Posted by Ron on October 15, 1999 at 08:35:33:
In Reply to: Re: Need someone to confirm that my suspicions are correct. posted by DK on October 14, 1999 at 19:07:57:
: : I used to live on Thompson Street in Manhattan in a building managed by Thurcon properties. My lease started on Septmber 1, 1998, although they had wanted me to take it for Sept. 15 so they could clean.
: : I needed it for the first so I signed an "As Is" clause stating that I was taking the apartment in the condition it was in when the last tenant vacated (which was okay aside from some normal wear and tear).
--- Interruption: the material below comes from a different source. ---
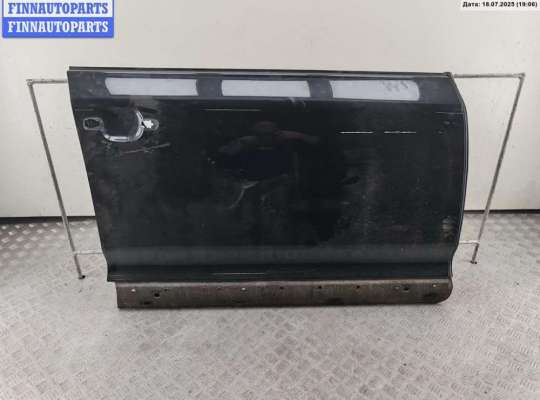 Дверь боковая передняя правая VG2392485 на Volkswagen Touareg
: : In May of 1999 they sent me a notice stating that if I wished to renew my lease, the new rent would be $2,076 per month, I decided not to renew. WHen I moved out, I left the place broom clean and in pretty good condition but they kept most of my security deposit anyway. In an effort to get it back I have been investigating them pretty carefully. I have discovered the Building was registered as having 23 rent stabilized units last year, the units that were exempt were JS51 exemptions. It was explained to me that that means those units were $2,000 or more, which makes sense since there are a lot of bigger units in the building as well as some penthouse units with patios. When the broker was showing my place I heard him tell the prospect that the rent would be $1950, more than $100 less than what they were going to charge me
: : What I now believe is this:
: : The 13% rent increase proposed by Thurcon was not legal.
: : They win either way, if I stay and agree to the terms, they now have a decontrolled unit. If I leave they can rent it at a higher price and get their share of yet another broker fee.
: : If I press them with this information and say that I am suing for moving costs and the brokers fee for my new place, they may be willing to settle it by giving back my security in full.
: : Thanks for any comments.
: Only apartments which have an initial rent of $2,000 per month or more are exempt from rent stabilization. If the current rent is less than $2,000 the rent guidelines apply and will still apply to the next renewal even if the rent goes over $2,000 per month. The $2,000 rent does trigger the high income deregulation process, however. If the apartment rents for more than $2,000, the landlord has the right to inquire whether the total adjusted gross income of all of the apartment occupants exceeds $175,000 per year. If so, the landlord can petition DHCR for an order of deregulation based on the high income of the apartment's occupants.
: If the building receives a tax abatement, the units are subject to rent stabilization regardless whether the initial rent was more than $2,000, or whether the tenants' income exceeds $175,000 per year.
: Because you moved out after the landlord threatened to charge you an illegal rent, you might have a claim for "harassment" as that term is defined in the Rent Stabilization Law.
: : Could the first Re to the question further explain how a renter follows up on an harassment issue? Where to go, what to do?